>>

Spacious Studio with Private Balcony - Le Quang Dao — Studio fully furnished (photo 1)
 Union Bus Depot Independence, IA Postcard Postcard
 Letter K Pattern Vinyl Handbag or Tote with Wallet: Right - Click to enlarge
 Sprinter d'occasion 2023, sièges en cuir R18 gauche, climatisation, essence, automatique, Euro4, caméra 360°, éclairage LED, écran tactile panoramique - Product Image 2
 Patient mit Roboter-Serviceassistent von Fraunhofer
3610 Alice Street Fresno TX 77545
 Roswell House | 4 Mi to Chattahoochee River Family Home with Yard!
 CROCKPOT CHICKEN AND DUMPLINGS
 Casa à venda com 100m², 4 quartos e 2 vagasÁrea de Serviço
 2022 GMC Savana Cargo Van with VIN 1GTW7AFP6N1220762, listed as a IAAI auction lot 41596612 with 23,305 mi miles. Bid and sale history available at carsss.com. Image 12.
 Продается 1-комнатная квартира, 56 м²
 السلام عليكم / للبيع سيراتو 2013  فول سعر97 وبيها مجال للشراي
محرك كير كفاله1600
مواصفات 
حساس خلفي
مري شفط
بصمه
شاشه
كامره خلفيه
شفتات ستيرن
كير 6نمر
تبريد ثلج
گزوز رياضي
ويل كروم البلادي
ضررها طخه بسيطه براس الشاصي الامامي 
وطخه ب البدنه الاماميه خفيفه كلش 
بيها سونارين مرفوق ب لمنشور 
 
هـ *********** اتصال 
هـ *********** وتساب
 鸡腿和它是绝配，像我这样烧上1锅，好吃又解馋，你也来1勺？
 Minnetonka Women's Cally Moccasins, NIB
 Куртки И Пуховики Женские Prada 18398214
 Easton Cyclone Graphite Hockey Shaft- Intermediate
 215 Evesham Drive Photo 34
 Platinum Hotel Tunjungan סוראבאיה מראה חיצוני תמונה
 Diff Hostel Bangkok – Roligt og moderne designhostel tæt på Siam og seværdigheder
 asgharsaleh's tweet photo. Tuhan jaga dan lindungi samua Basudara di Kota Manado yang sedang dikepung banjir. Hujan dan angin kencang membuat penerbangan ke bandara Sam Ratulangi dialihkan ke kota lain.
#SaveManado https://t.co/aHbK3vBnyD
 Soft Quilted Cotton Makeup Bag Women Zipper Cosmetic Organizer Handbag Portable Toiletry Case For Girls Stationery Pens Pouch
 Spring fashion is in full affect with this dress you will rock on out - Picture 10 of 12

<<

(WHAT YOU SHOULD DO)
Where the listing above has a line with "وطخه ب البدنه الاماميه خفيفه كلش", start there, and output every line exactly through the line with "Diff Hostel Bangkok", which is also included.

(WRITTEN SOLUTION)
وطخه ب البدنه الاماميه خفيفه كلش 
بيها سونارين مرفوق ب لمنشور 
 
هـ *********** اتصال 
هـ *********** وتساب
 鸡腿和它是绝配，像我这样烧上1锅，好吃又解馋，你也来1勺？
 Minnetonka Women's Cally Moccasins, NIB
 Куртки И Пуховики Женские Prada 18398214
 Easton Cyclone Graphite Hockey Shaft- Intermediate
 215 Evesham Drive Photo 34
 Platinum Hotel Tunjungan סוראבאיה מראה חיצוני תמונה
 Diff Hostel Bangkok – Roligt og moderne designhostel tæt på Siam og seværdigheder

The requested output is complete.